Copyright 2013 John T. Reed

If you have read my web article “The Day the Dollar Dies” you know there will be a sudden, worldwide run on the dollar if and when the tipping point is reached and the people of the world, including the people of the United States, suddenly realize that the purchasing power of the U.S. dollar is plummeting.

If and when that day arrives, I want to be able to toggle my web site over to a different currency in a matter of seconds. So if you went to buy one of my products on that day, you would see that the price was the same, at a time when all other prices in the U.S. were skyrocketing, but that the currency had been changed from U.S. dollars (USD) to Canadian dollars (CAD).

Your credit card would no longer work. Your credit card provider would cancel it in the first hours after the run on the U.S. dollar started. But your U.S. dollar debit card would still work. When you use it to buy my book, assuming I can toggle over to CAD, it will simply take from your account as many USD as it took to buy, say, $29.95 of CAD at that moment.

You will be displeased by the amount, but it should be clear because of my toggling over to CAD that I did not raise my prices; rather, the U.S. government lowered the purchasing power of its dollar. Not my fault. I am no “greedy, price-gouging” retailer—as U.S. politicians will claim all U.S. retailers are when the dollar dies.

I am just a guy who went oot and set up a way to switch to charging Canadian dollars for my products, eh?

So I have started researching how to do this. I originally thought I could just go to a control panel on my Yahoo store and change the “currency” setting from USD to CAD.

Nope.

Indeed, Yahoo store refuses to allow any currency other than USD. Part of the reason is they charge a percentage of each transaction and they can’t be bothered converting the foreign currency sale amount to USD.

When I expressed surprise that I have to use USD in this age of globalization, the Yahoo guy on the phone said the USD is the world’s most popular currency.

As you would expect if you read my recent book How to Protect Your Life Savings from Hyperinflation & Depression, 2nd edition, I exploded with laughter at that.

Yeah, and it’s going to be the least popular currency on earth about an hour after the run on the dollar starts.

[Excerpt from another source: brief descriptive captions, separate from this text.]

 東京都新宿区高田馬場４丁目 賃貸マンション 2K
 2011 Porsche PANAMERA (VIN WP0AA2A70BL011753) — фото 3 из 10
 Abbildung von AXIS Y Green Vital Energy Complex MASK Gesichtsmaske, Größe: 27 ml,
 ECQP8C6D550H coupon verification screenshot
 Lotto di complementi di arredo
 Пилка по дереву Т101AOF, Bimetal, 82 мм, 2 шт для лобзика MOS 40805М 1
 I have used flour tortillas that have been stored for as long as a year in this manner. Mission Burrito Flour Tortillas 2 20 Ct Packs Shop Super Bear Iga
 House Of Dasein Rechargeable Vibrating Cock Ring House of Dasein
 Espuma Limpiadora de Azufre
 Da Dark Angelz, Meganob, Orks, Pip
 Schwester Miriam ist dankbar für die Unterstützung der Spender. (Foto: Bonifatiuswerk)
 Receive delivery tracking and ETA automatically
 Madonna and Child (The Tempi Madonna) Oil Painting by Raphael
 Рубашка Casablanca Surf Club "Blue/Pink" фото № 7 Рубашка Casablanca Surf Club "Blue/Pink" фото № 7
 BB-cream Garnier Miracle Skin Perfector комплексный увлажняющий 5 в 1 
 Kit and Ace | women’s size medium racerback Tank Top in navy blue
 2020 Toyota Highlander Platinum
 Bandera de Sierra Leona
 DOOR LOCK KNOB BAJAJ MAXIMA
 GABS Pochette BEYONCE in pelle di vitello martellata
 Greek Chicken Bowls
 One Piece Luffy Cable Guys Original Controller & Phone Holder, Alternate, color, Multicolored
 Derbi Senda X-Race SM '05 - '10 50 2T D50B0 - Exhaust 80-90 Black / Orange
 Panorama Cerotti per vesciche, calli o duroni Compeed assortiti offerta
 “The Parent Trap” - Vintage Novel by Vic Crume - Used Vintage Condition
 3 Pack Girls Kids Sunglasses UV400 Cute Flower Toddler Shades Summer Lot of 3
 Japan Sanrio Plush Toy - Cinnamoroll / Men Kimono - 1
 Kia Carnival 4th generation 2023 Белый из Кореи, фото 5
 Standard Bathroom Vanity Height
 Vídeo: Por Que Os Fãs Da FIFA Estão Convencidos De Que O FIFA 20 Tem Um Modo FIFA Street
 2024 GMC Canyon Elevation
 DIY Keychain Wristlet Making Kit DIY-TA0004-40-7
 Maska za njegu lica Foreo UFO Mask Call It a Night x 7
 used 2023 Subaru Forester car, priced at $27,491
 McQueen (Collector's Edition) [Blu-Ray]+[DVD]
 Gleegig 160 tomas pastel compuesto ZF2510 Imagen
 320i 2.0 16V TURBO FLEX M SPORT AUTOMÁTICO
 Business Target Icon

Someone needs to tell Marissa Mayer and the other boy and girl geniuses at Yahoo that if I need to toggle over to CAD or other non-US currencies on the day the dollar dies, Yahoo and companies like them REALLY need to toggle over. If your business or the company that you work for can only charge USD, and the USD dies, you and your company will die financially. On the day the dollar dies, Yahoo will die if its merchants can only charge USD. And so will all similarly-situated companies.

But, hey, I am just a mouse trying to avoid being stepped on in a room full of panicky elephants writing books for my fellow mice. Yahoo won’t let me toggle over to CAD, so I need to find someone who will or set up a second non-Yahoo store that can do that. Yahoo will be one of the panicky elephants if and when this happens, along with the U.S. government.

PayPal seems highly international. As is their parent company eBay. But I am not sure they are the best alternative. However, at the moment, they seem to be the only alternative I have figured out. In the room full of panicky elephants, the non-best alternative, like the one-eyed man in the land of the blind, may be king.